A Big Reserve Is Born In The Little Karoo

by CapeNature

Grand Canyon

CapeNature has recently acquired a new property connecting two of our biggest nature reserves in the Karoo region and extending the protected area to 215 044 ha.

“The 12 800 ha Grand Canyon property, was purchased by the World Wide Fund for Nature South Africa or WWF South Africa (WWF-SA) with funds from the Leslie Hill Succulent Karoo Trust because of its importance for rare, succulent plant conservation and ecology,” said CapeNature ecologist, Dr AnneLise Schutte-Vlok, who was instrumental in securing the property.

Schutte-Vlok explained that the purchase of Grand Canyon links Anysberg Nature Reserve with the Swartberg Nature Reserve.

“Thus, an almost continuous east-west stretch of land of about 280 km or 215 044 ha is under conservation.”
“This is a once in a life-time opportunity for the conservation of Succulent Karoo landscapes and vegetation patterns, as well as important ecological processes such as the migration of larger mammals like leopard,” said Marius Brand, Anysberg Reserve Manager.

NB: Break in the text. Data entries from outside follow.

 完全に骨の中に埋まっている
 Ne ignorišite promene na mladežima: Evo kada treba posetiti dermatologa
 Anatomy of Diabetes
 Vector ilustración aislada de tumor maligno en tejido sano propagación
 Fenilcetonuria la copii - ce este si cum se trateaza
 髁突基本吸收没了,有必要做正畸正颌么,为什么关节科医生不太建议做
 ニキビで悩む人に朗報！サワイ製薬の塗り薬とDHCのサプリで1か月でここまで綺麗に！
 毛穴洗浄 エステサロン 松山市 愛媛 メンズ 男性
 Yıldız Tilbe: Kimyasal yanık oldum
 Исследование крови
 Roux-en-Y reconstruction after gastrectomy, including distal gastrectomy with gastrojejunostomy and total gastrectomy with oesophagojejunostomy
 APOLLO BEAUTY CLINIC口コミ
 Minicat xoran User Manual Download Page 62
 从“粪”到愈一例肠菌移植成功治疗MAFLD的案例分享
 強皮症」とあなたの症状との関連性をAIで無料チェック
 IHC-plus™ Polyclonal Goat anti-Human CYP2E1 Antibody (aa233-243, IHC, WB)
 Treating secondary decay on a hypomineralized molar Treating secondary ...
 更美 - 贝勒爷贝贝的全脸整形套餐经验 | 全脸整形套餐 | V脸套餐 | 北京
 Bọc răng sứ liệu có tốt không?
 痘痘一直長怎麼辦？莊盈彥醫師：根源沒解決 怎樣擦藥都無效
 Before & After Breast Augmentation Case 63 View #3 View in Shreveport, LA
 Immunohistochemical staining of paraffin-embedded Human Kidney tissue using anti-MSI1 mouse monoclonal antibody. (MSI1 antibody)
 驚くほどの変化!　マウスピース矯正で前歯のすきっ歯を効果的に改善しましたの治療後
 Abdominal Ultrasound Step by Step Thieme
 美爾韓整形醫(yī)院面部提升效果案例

“The purchase of the property also speaks to the collaborative working relationship between WWF-SA and CapeNature, as well as our pro-active approach to mitigate against the effects of climate change,” said Natasha Wilson, Programme Manager: WWF-SA’s Land Programme.

“We know that one of the greatest threats to wildlife populations is habitat fragmentation, brought about by, for example, agricultural or urban development.”

“Landscape corridors like this one restore landscape connectivity and help increase the survival of many species by increasing their home ranges, food resources and reconnecting fragmented and isolated animal and plant populations.”

CapeNature’’s biggest nature reserve, Swartberg lies in the Oudtshoorn district between the Great and Klein Karoo, forming a narrow, but long, stretch of 131 044 hectares, critical for water yield in the region. Situated between Montagu and Laingsburg, lies Anysberg now comprising 84 000.

Brand said: “The purchase of Grand Canyon will also improve the tourism potential of the Anysberg reserve, already known for its wonderful succulent plant life, stargazing facilities, ancient rock-art and plentiful wildlife such as Gemsbok, Red Hartebeest, Eland, Kudu and the endangered Cape Mountain Zebra.”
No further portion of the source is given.